Records from a dataset

───

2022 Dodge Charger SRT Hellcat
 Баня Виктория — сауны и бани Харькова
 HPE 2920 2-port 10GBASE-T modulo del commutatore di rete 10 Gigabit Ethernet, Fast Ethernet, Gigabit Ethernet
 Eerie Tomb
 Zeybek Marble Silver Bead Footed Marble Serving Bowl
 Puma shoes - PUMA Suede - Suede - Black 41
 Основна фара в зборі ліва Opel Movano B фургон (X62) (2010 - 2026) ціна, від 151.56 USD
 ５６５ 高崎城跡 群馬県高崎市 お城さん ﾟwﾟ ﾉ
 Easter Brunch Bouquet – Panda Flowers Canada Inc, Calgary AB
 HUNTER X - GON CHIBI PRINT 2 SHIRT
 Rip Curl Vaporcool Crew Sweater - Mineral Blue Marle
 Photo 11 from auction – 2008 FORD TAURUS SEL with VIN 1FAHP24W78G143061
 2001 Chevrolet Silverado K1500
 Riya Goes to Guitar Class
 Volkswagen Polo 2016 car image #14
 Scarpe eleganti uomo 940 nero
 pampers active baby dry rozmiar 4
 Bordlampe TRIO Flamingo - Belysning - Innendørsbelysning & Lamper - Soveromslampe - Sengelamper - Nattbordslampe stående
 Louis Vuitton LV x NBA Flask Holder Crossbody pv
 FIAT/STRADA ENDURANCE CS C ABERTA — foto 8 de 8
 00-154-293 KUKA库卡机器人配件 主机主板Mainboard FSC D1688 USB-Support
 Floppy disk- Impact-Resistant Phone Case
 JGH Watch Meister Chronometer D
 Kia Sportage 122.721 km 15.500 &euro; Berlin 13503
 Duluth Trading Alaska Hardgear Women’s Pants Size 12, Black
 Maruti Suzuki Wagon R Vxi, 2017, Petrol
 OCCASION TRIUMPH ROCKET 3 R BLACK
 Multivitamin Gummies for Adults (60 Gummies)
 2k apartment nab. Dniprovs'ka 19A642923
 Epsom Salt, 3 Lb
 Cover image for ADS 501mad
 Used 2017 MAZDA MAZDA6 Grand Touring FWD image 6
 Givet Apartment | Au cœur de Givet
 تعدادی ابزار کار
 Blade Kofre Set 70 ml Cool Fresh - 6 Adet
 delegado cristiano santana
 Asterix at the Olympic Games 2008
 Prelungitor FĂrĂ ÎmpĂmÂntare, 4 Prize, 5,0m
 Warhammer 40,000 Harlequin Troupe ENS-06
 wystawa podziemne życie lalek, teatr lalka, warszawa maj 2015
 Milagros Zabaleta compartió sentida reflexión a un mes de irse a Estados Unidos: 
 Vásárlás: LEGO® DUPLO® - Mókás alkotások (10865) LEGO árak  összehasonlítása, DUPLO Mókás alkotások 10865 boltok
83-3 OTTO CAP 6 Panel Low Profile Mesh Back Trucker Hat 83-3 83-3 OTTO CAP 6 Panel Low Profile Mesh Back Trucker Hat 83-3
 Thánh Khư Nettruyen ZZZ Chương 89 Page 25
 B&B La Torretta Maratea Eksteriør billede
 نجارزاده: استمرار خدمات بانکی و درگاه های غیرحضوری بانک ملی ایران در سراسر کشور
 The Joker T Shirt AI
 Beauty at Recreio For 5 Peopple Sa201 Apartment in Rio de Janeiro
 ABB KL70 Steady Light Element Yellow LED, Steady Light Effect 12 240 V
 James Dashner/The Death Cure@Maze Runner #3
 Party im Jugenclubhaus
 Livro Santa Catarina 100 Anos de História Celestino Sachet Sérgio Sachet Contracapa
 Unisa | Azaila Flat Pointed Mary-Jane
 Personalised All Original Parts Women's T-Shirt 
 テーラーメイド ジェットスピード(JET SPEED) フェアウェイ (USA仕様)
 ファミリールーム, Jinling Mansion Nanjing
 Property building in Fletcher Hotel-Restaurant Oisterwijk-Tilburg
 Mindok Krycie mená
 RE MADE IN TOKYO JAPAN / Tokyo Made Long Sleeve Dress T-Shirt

───

(WHAT YOU NEED TO DO) Lines with "Women": find them in the data and copy each one.

(RESULT BELOW)
 Duluth Trading Alaska Hardgear Women’s Pants Size 12, Black
 Personalised All Original Parts Women's T-Shirt 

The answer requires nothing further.